= Beginning of Section =

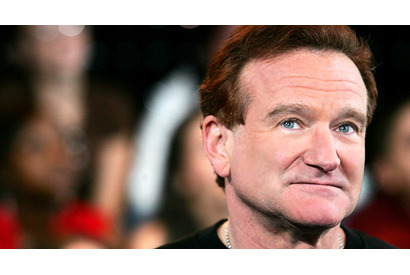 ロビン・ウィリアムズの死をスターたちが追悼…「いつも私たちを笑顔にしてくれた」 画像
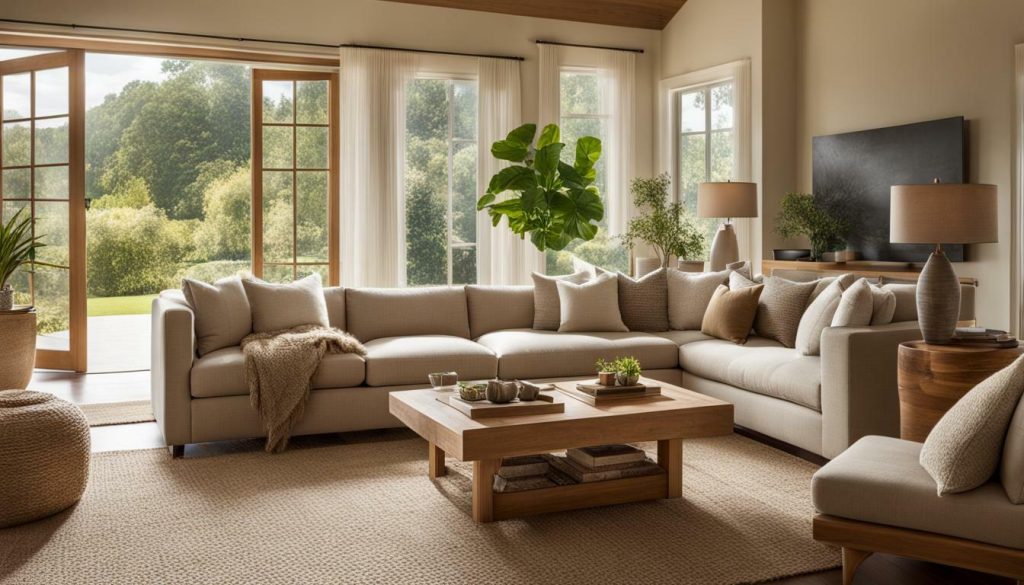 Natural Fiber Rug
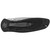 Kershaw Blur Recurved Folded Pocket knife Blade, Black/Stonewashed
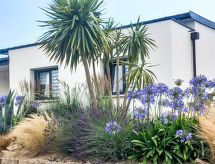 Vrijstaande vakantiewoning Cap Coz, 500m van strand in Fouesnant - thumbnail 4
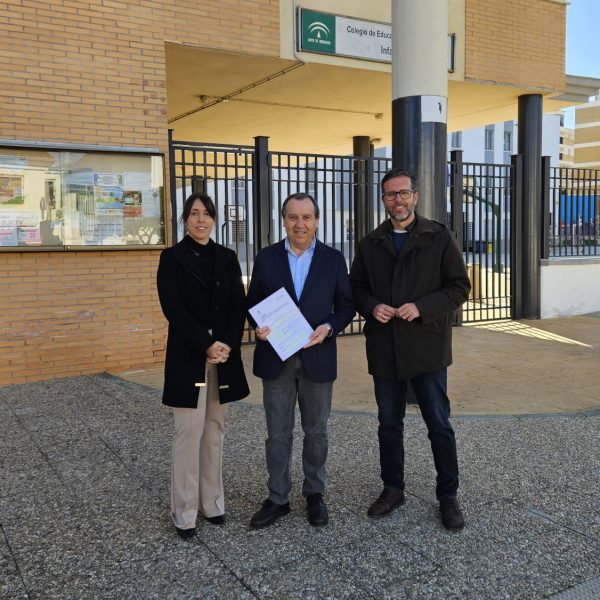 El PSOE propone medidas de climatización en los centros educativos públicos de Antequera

= End of Section =
= Beginning of Section =

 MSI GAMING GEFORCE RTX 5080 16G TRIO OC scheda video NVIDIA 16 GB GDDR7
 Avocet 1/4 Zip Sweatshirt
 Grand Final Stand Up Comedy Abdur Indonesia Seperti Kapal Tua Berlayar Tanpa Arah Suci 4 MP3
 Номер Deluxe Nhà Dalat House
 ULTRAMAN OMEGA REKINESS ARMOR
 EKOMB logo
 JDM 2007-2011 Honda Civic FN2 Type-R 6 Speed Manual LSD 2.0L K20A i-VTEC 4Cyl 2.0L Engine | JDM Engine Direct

= End of Section =

-- What the task requires --
Starting with the line above that holds "Grand Final Stand" and stopping with the line that holds "JDM 2007-2011 Honda", reproduce each line exactly, omitting all other lines.

-- Reply to the exercise --
 Grand Final Stand Up Comedy Abdur Indonesia Seperti Kapal Tua Berlayar Tanpa Arah Suci 4 MP3
 Номер Deluxe Nhà Dalat House
 ULTRAMAN OMEGA REKINESS ARMOR
 EKOMB logo
 JDM 2007-2011 Honda Civic FN2 Type-R 6 Speed Manual LSD 2.0L K20A i-VTEC 4Cyl 2.0L Engine | JDM Engine Direct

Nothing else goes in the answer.